- _Task prompt_: Leave out the pictures and retype, exactly, the lines below from the line with "Two tone denim" up to and including the line with "Cotton Muslin Quilted", nothing more.
Record excerpts Start Marker
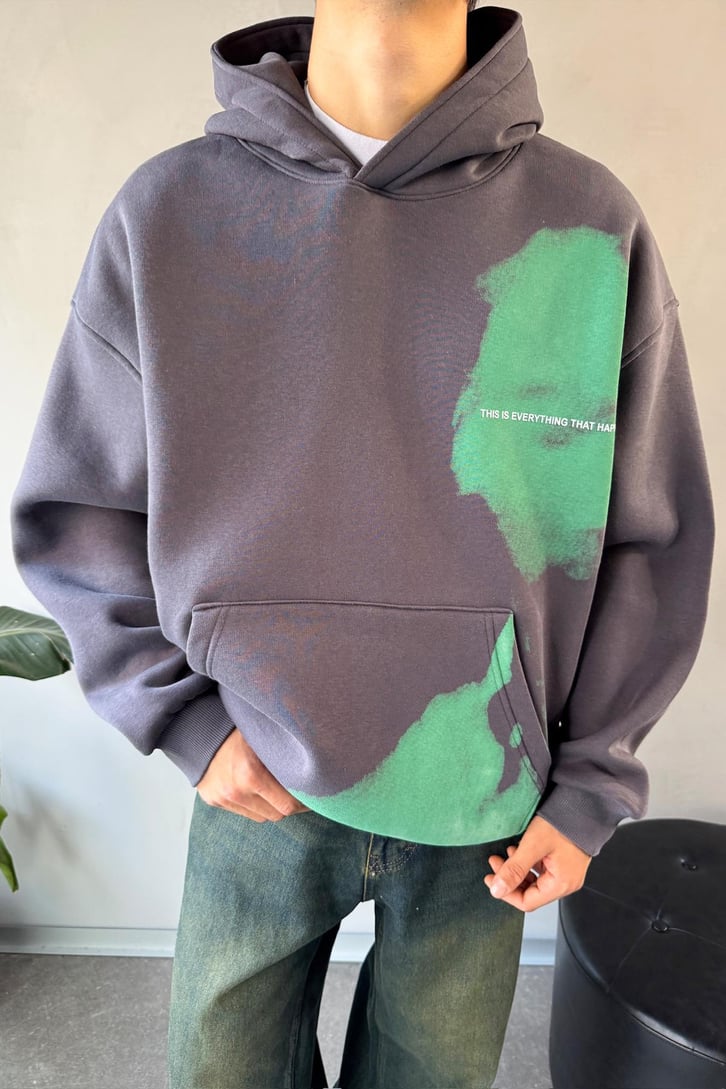 Ghost Baskılı Oversize Hoodie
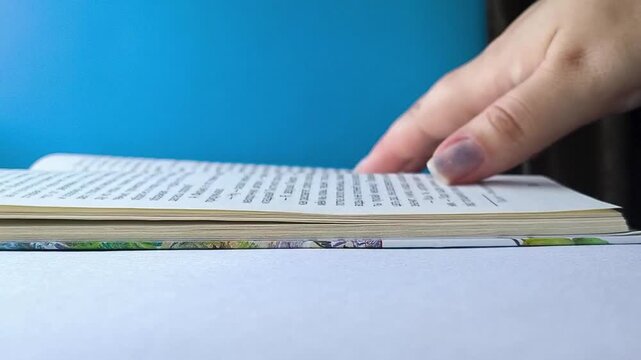 Close up of student reading a book at desk, literature study, reading skills and educational activity.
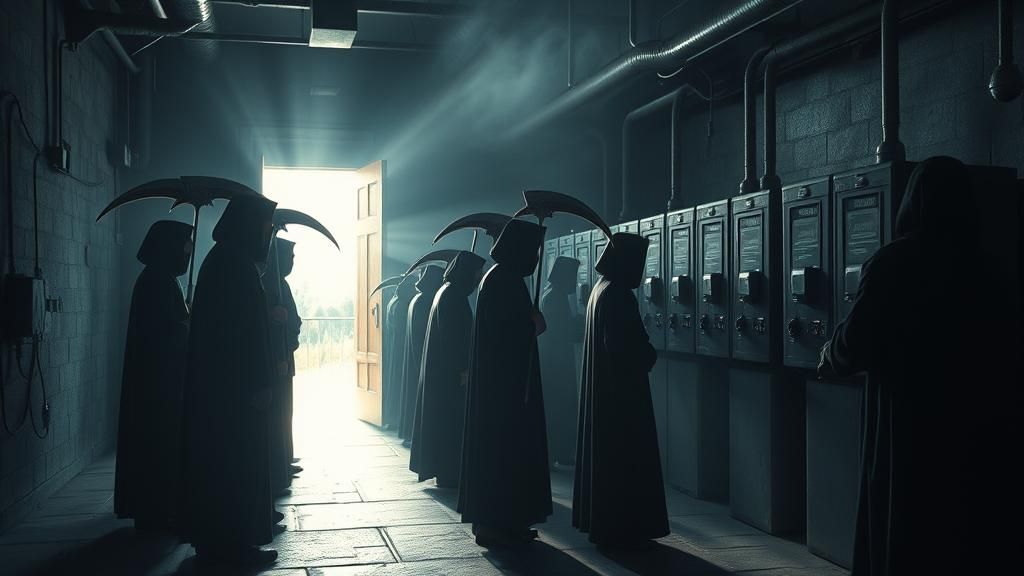 Grim Reapers Clocking In: A Surreal Factory Scene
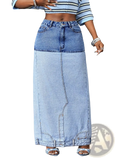 Two tone denim maxi skirt with a darker blue waistband and lighter blue lower section featuring visible stitching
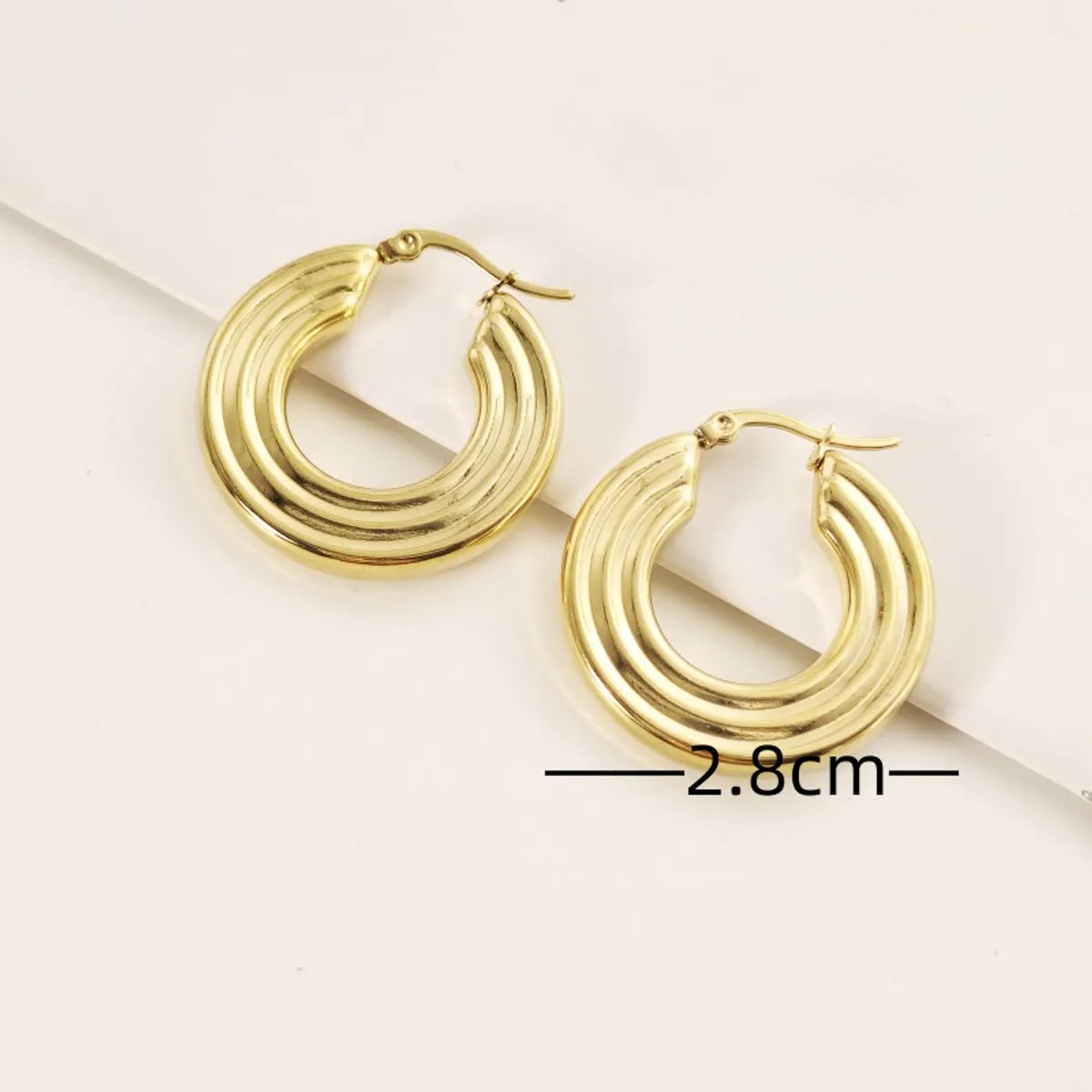 1 Pair Simple Style Round Square Titanium Steel 18K Gold Plated Earrings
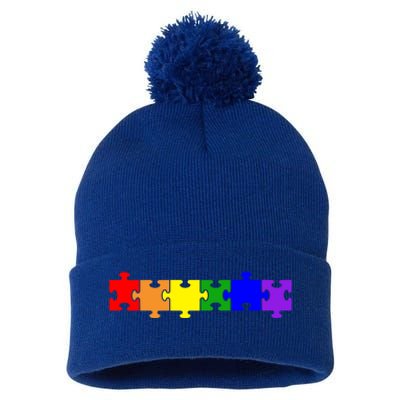 Jigsaw Puzzle Pieces Gift Pom Pom 12in Knit Beanie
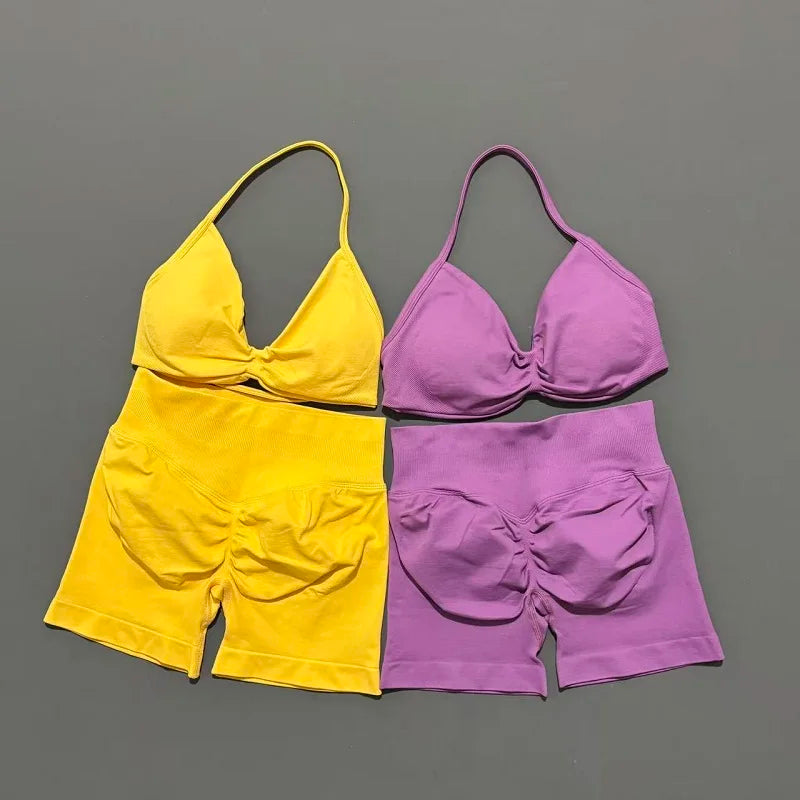 Women’s 2-Piece Yoga Set Strappy Sports Bra & High Waist Shorts Activewear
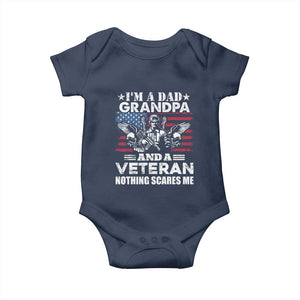 Im a Dad Grandpa and Veteran Baby Onesie Fearless Patriotic Military Family TS02 Navy Print Your Wear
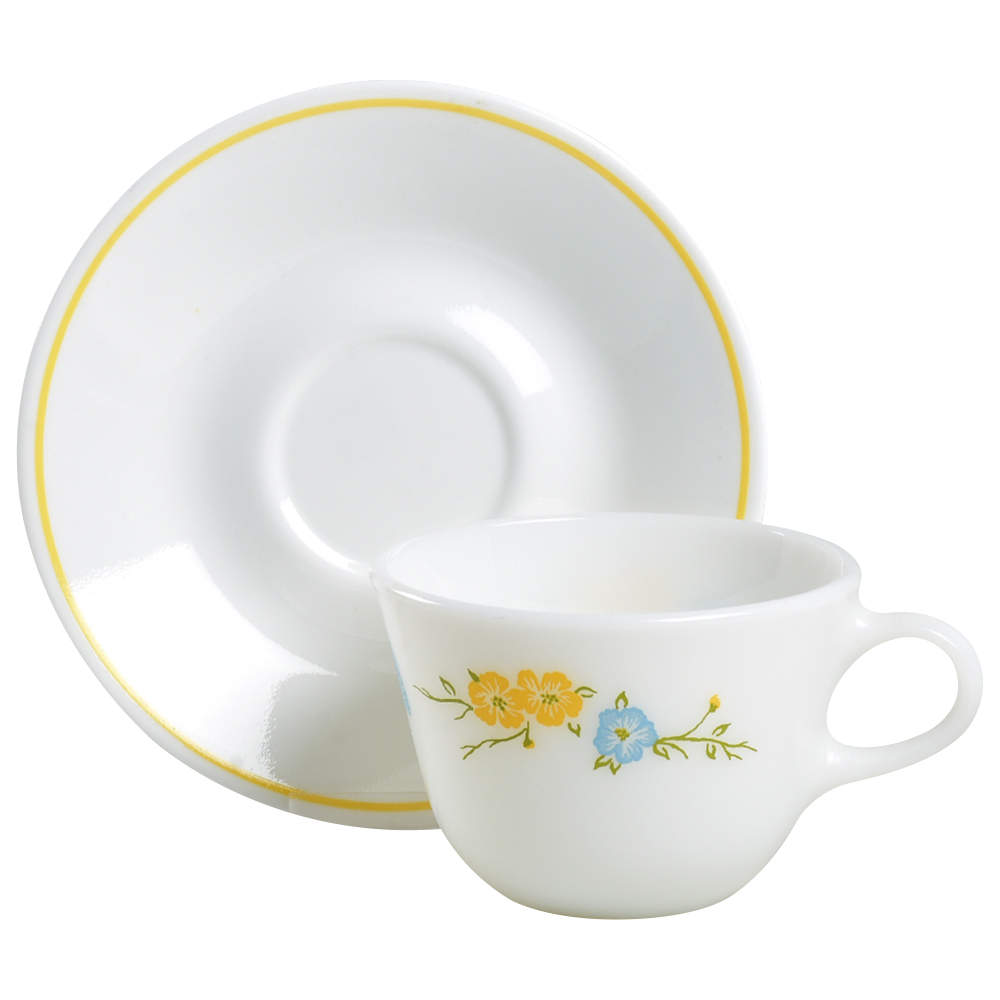 Flirtation (Corelle) Flat Cup & Saucer Set by Corning Corelle-1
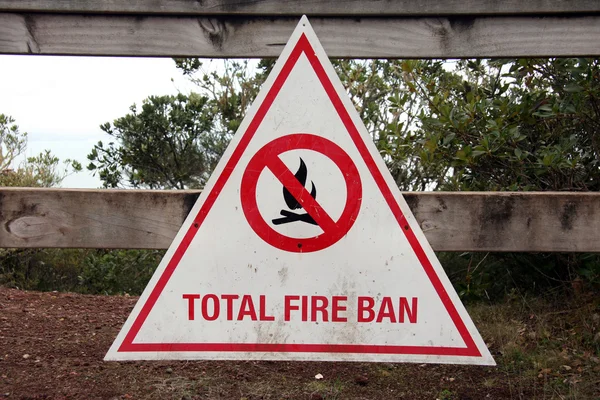 Fire Ban Sign - Rangitoto Island, New Zealand — Stock Photo, Image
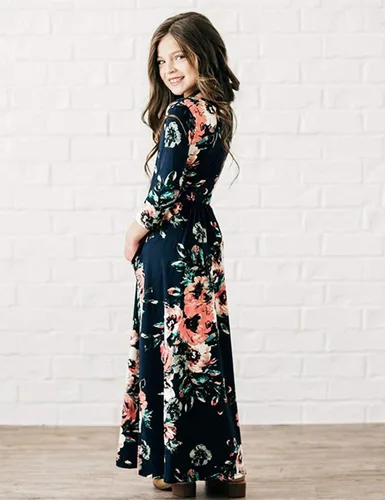 Miniatura 58 de 21KIDS Vestido largo floral de manga larga 3/4 con bolsillos para niñas de 6 a 12 años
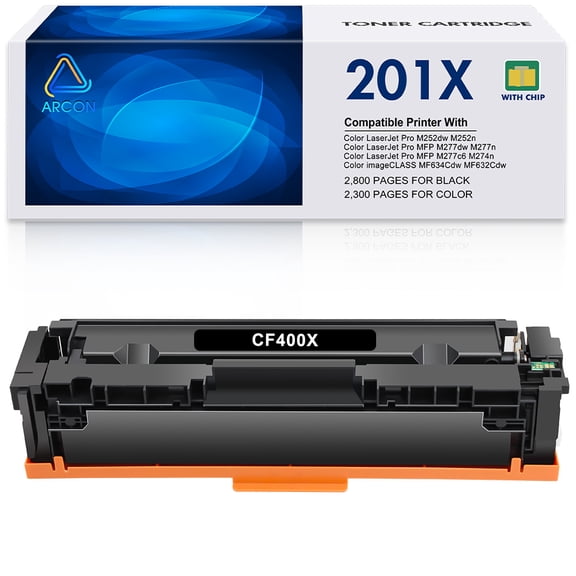 201A 201X Toner Cartridges Compatible for HP 201X CF400X CF400A 202A Toner Cartridge for Color Laserjet Pro MFP M277dw M252dw M277c6 M252 Printer (Black, 1-Pack)
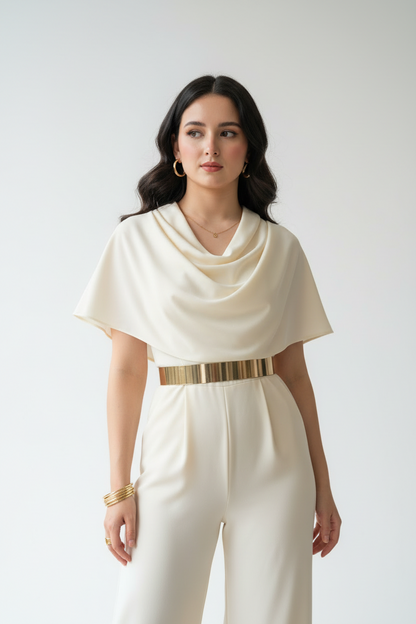 Enterizo Elegante Marfil con Capa  - Sofisticado cod.319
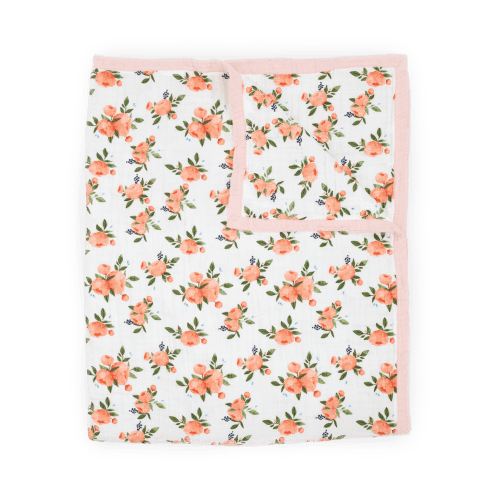 Cotton Muslin Quilted Throw - Watercolor Roses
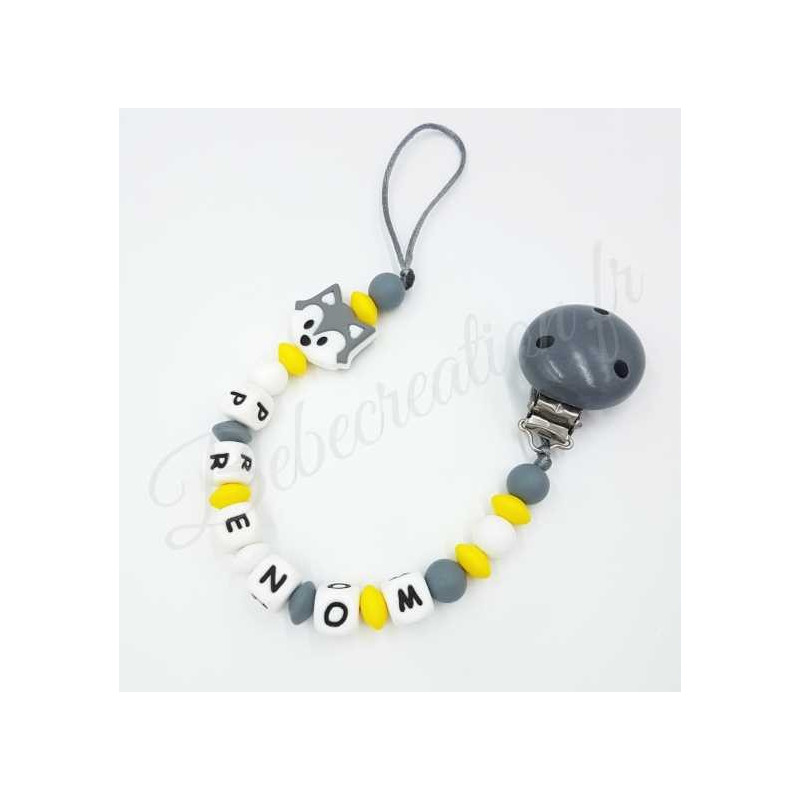 Renard Gris et Jaune Silicone en silicone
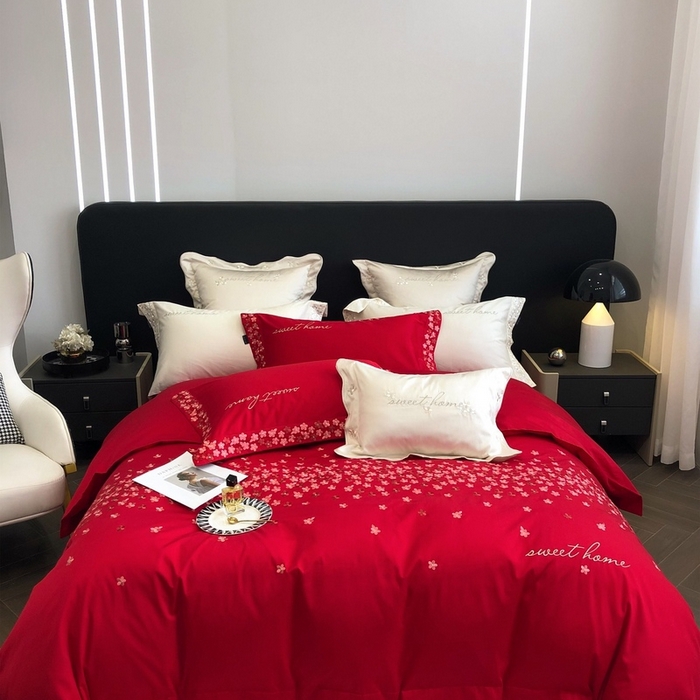 91家纺网 家纺一手货源 找家纺 卡姿家纺 2025新款100支全棉纯棉高端定制四件套—伊莎贝拉 伊莎贝拉-千禧红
Record excerpts End Marker
- _Final answer_:
 Two tone denim maxi skirt with a darker blue waistband and lighter blue lower section featuring visible stitching
 1 Pair Simple Style Round Square Titanium Steel 18K Gold Plated Earrings
 Jigsaw Puzzle Pieces Gift Pom Pom 12in Knit Beanie
 Women’s 2-Piece Yoga Set Strappy Sports Bra & High Waist Shorts Activewear
 Im a Dad Grandpa and Veteran Baby Onesie Fearless Patriotic Military Family TS02 Navy Print Your Wear
 Flirtation (Corelle) Flat Cup & Saucer Set by Corning Corelle-1
 Fire Ban Sign - Rangitoto Island, New Zealand — Stock Photo, Image
 Miniatura 58 de 21KIDS Vestido largo floral de manga larga 3/4 con bolsillos para niñas de 6 a 12 años
 201A 201X Toner Cartridges Compatible for HP 201X CF400X CF400A 202A Toner Cartridge for Color Laserjet Pro MFP M277dw M252dw M277c6 M252 Printer (Black, 1-Pack)
 Enterizo Elegante Marfil con Capa  - Sofisticado cod.319
 Cotton Muslin Quilted Throw - Watercolor Roses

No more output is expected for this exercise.